■ **Record extracts**:
:::::
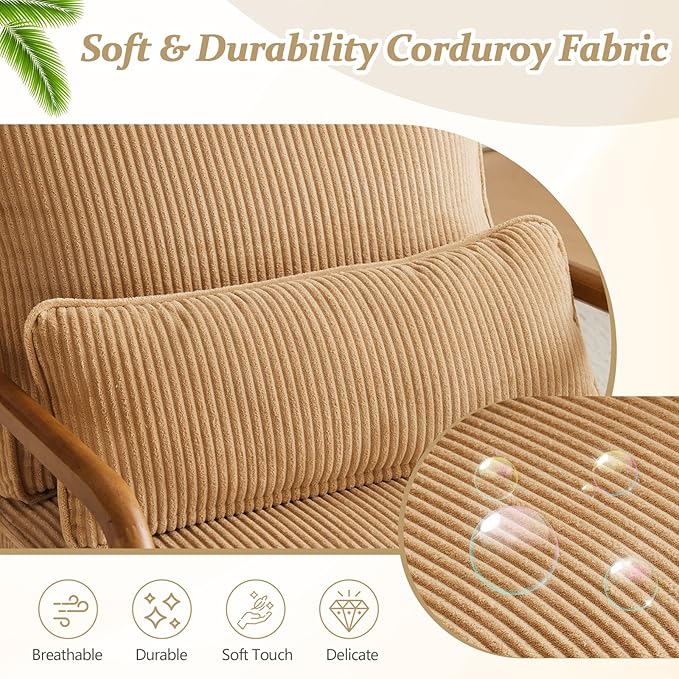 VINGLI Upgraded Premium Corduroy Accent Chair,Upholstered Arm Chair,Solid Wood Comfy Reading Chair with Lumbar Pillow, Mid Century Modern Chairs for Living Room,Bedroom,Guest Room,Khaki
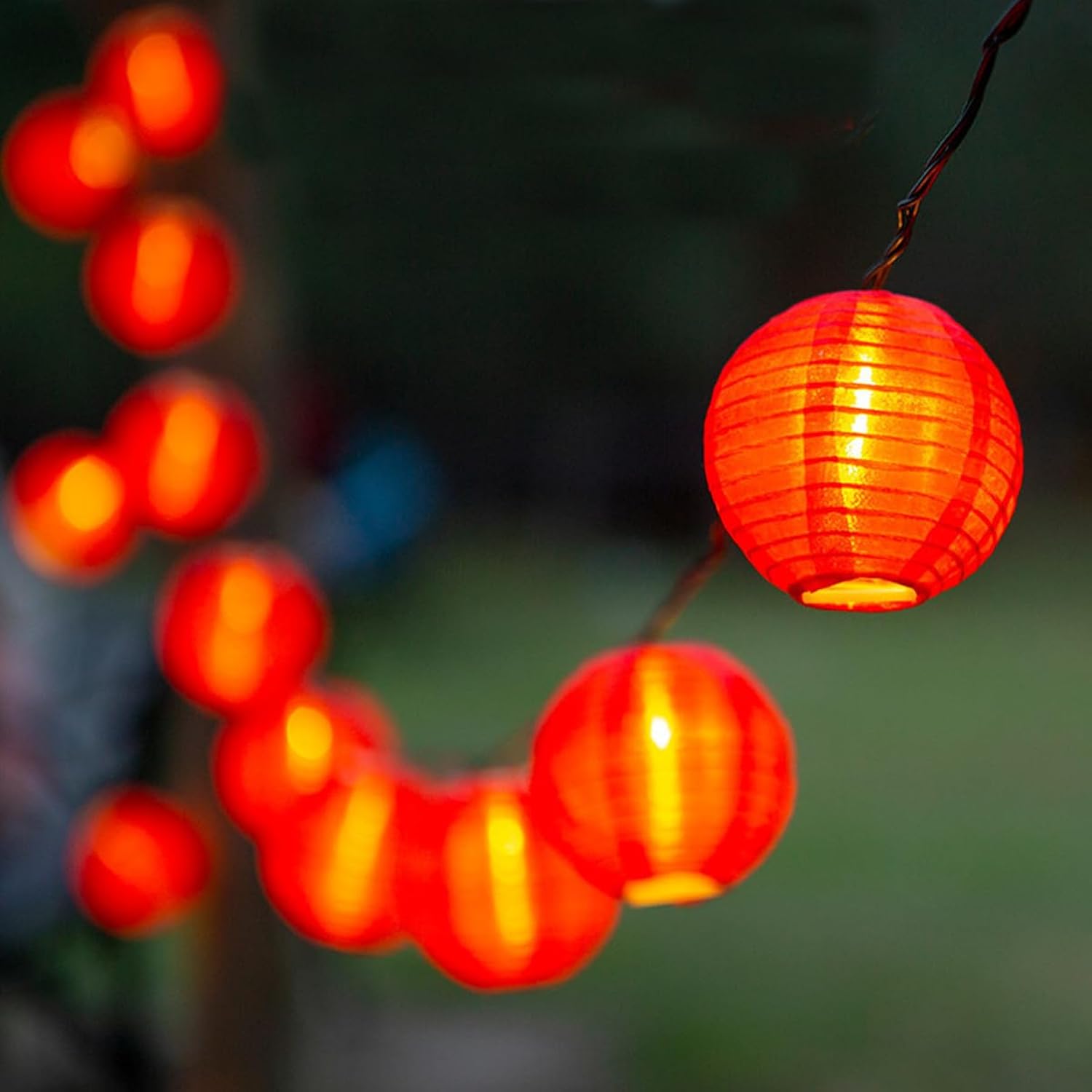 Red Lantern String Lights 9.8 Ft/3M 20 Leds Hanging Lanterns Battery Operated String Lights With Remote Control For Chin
:::::
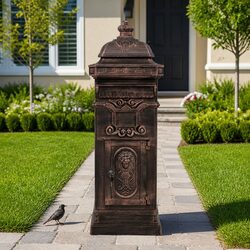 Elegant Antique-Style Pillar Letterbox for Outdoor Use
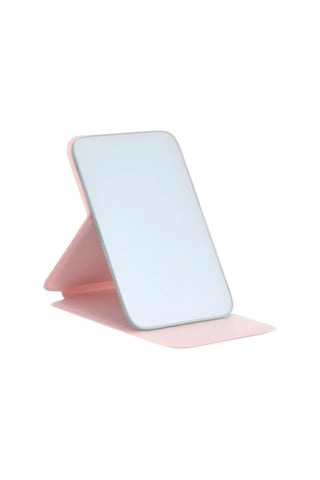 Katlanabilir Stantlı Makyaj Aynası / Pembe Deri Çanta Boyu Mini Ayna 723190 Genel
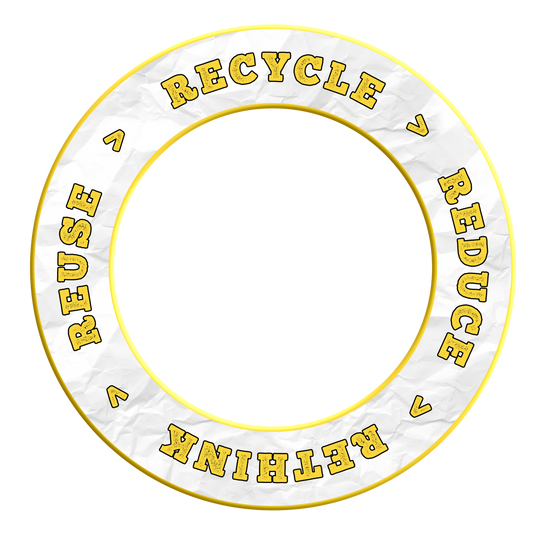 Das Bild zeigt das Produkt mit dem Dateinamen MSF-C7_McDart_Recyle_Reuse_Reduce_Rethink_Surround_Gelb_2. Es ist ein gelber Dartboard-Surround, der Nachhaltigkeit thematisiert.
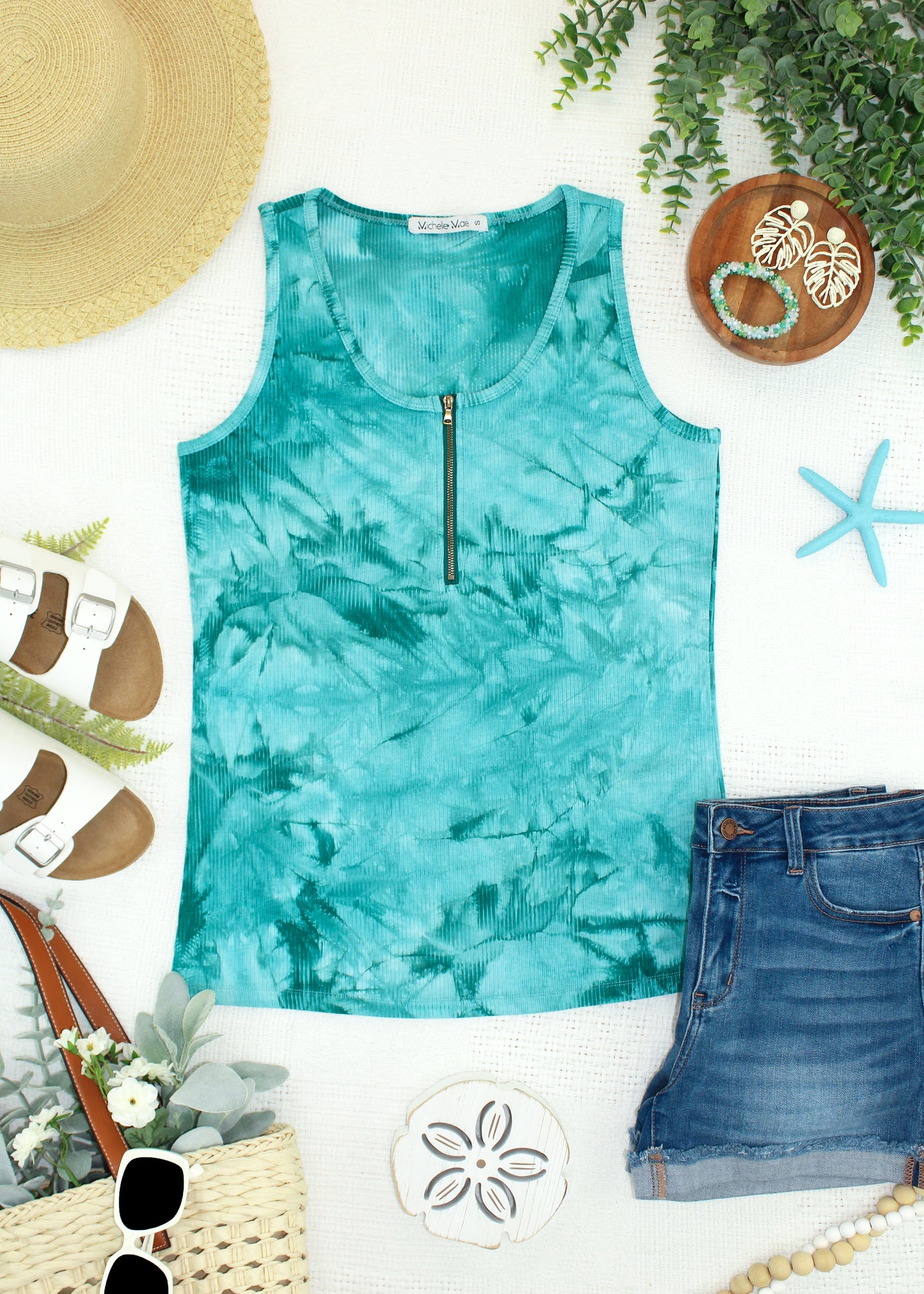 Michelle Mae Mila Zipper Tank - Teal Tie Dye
:::::
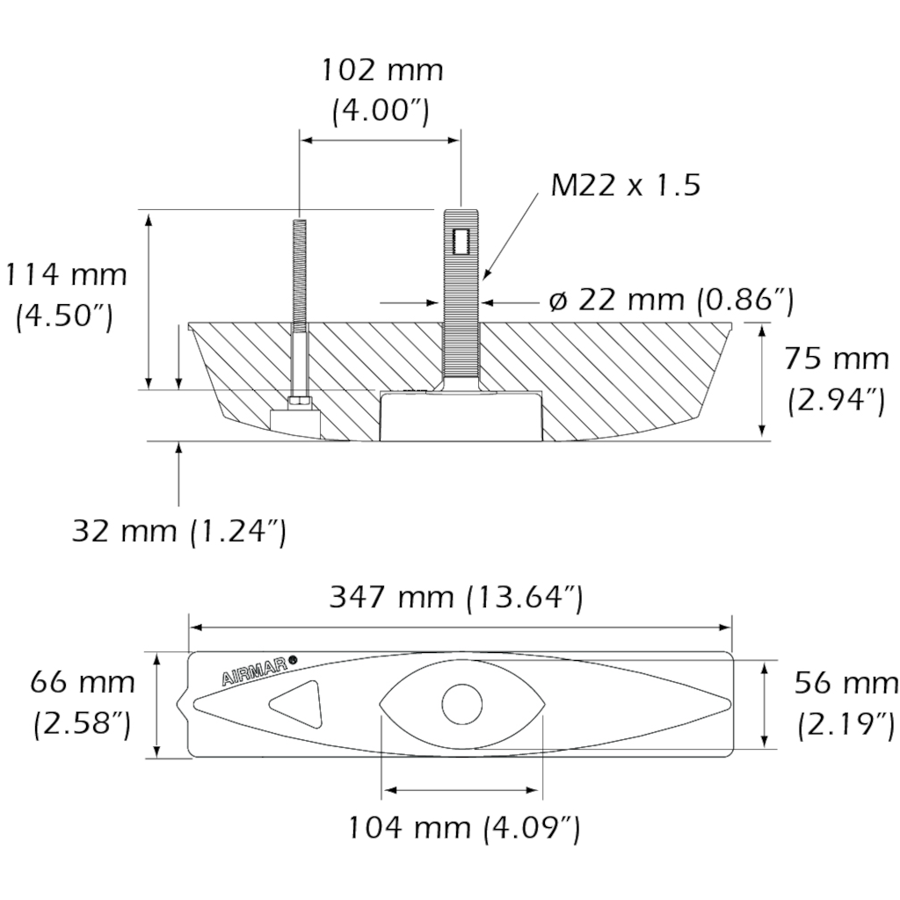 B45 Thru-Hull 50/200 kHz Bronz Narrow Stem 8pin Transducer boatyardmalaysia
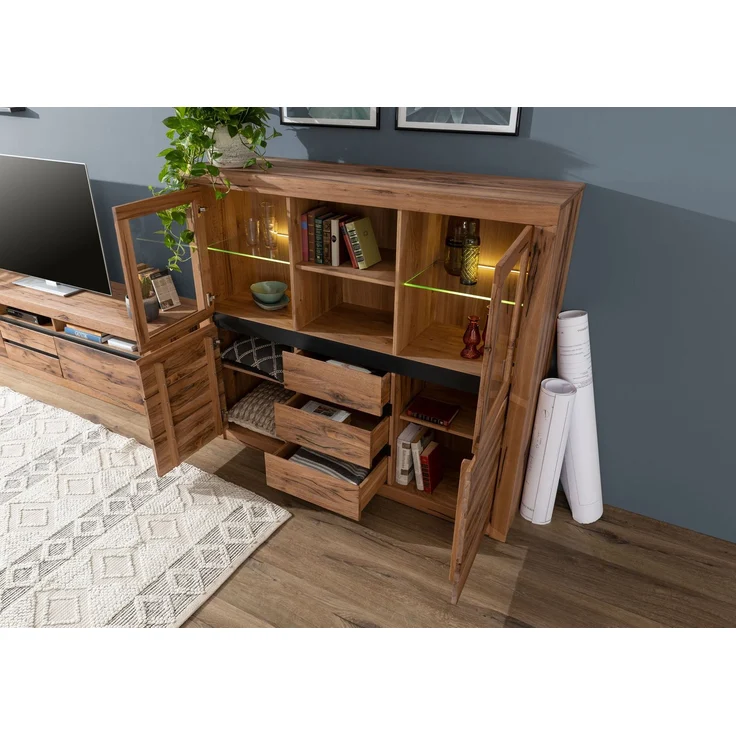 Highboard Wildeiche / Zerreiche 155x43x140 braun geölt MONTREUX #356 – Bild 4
:::::
■ **Task goal**: Look back over the records above. Reproduce exactly everything from the line with "VINGLI Upgraded Premium" down to the line with "Red Lantern String", inclusive, and leave the pictures out.

■ **Answer space**:
 VINGLI Upgraded Premium Corduroy Accent Chair,Upholstered Arm Chair,Solid Wood Comfy Reading Chair with Lumbar Pillow, Mid Century Modern Chairs for Living Room,Bedroom,Guest Room,Khaki
 Red Lantern String Lights 9.8 Ft/3M 20 Leds Hanging Lanterns Battery Operated String Lights With Remote Control For Chin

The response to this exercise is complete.